━━━ Source information ━━━
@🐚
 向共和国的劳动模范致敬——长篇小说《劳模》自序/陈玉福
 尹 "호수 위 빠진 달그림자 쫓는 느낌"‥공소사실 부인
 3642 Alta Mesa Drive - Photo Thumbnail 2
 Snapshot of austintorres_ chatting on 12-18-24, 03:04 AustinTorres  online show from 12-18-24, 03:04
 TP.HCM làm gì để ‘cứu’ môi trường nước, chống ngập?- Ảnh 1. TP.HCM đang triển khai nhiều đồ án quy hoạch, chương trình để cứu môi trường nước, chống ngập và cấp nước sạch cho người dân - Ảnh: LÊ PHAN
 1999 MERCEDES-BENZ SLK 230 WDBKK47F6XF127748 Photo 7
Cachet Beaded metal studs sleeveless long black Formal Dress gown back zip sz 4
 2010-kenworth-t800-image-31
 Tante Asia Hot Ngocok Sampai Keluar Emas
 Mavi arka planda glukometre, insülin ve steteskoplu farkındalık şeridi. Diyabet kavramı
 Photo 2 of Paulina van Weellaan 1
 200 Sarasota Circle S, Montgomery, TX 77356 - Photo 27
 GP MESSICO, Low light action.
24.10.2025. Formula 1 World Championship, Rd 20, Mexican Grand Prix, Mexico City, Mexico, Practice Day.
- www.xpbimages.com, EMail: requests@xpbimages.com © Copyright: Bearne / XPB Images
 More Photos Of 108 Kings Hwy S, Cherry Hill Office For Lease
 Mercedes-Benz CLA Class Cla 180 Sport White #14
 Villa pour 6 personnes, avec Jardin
━━━
*Instructions to follow:*
The lines above from the one with "1999 MERCEDES-BENZ SLK" through the one with "Photo 2 of Paulina van Weellaan 1" are to be duplicated exactly, ends included, with nothing added.

*Result of this exercise:*
 1999 MERCEDES-BENZ SLK 230 WDBKK47F6XF127748 Photo 7
Cachet Beaded metal studs sleeveless long black Formal Dress gown back zip sz 4
 2010-kenworth-t800-image-31
 Tante Asia Hot Ngocok Sampai Keluar Emas
 Mavi arka planda glukometre, insülin ve steteskoplu farkındalık şeridi. Diyabet kavramı
 Photo 2 of Paulina van Weellaan 1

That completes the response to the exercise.